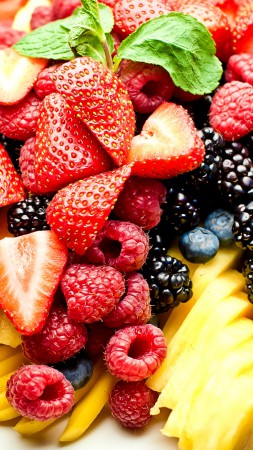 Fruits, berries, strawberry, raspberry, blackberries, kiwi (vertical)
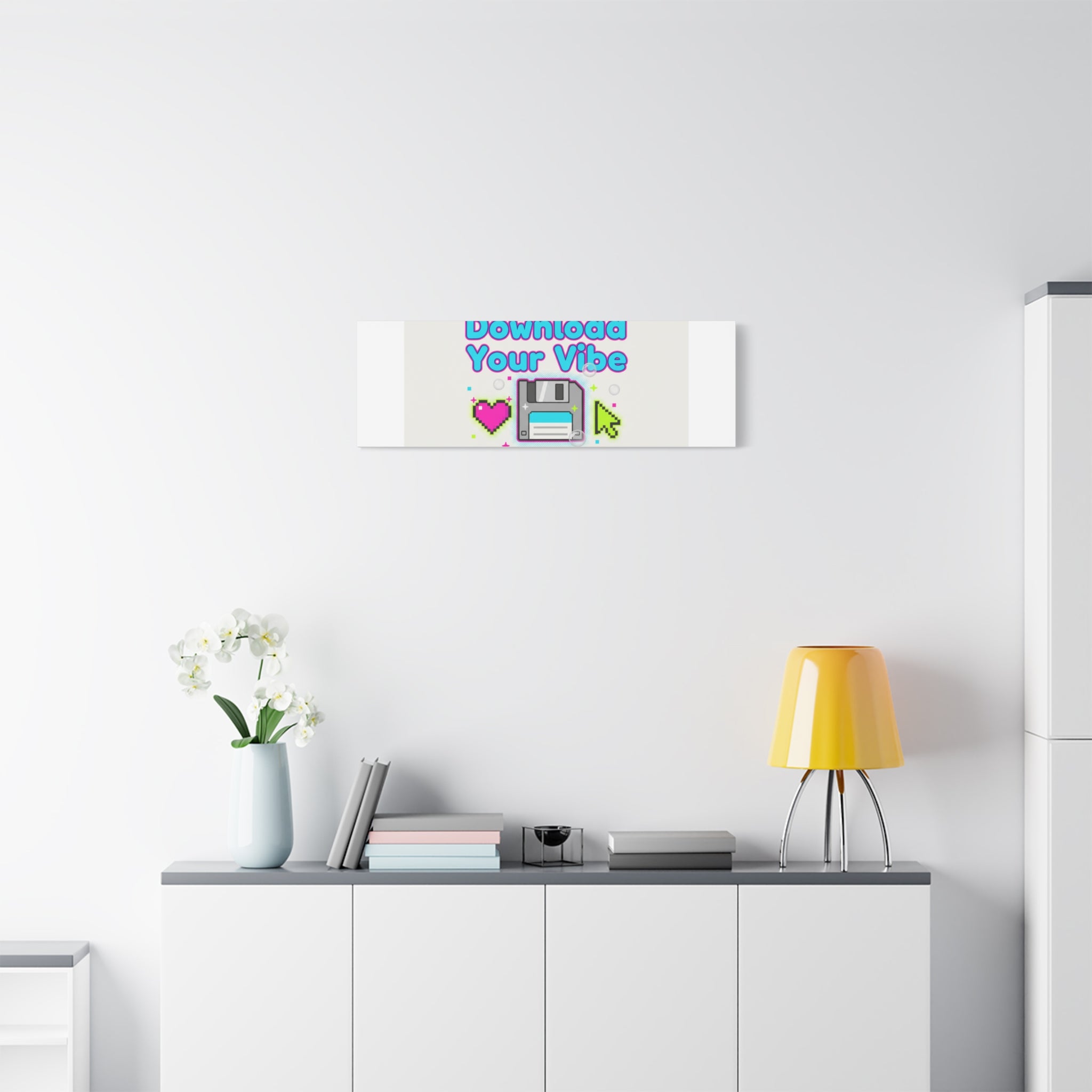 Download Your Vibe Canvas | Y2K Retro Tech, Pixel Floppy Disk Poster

...

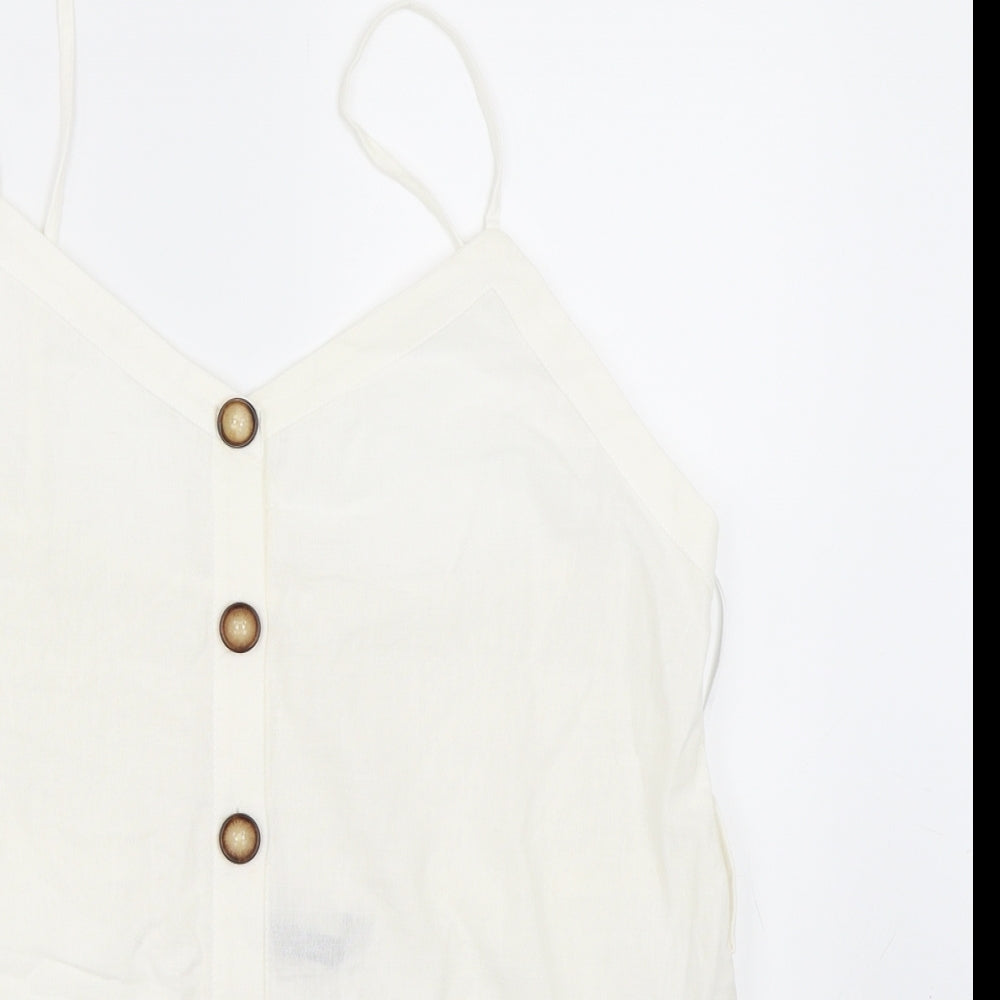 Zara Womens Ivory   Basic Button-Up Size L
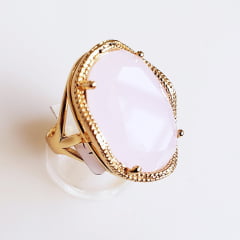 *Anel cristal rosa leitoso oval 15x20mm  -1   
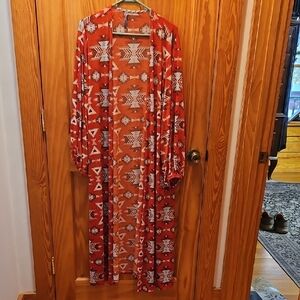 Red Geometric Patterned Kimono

...

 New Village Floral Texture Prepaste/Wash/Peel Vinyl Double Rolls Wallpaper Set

WHAT TO DO: Print an exact copy of the lines above, from the one containing "Fruits, berries, strawberry, raspberry, blackberries, kiwi" through the one containing "Download Your Vibe", and leave out the pictures.

TASK SOLUTION:
 Fruits, berries, strawberry, raspberry, blackberries, kiwi (vertical)
 Download Your Vibe Canvas | Y2K Retro Tech, Pixel Floppy Disk Poster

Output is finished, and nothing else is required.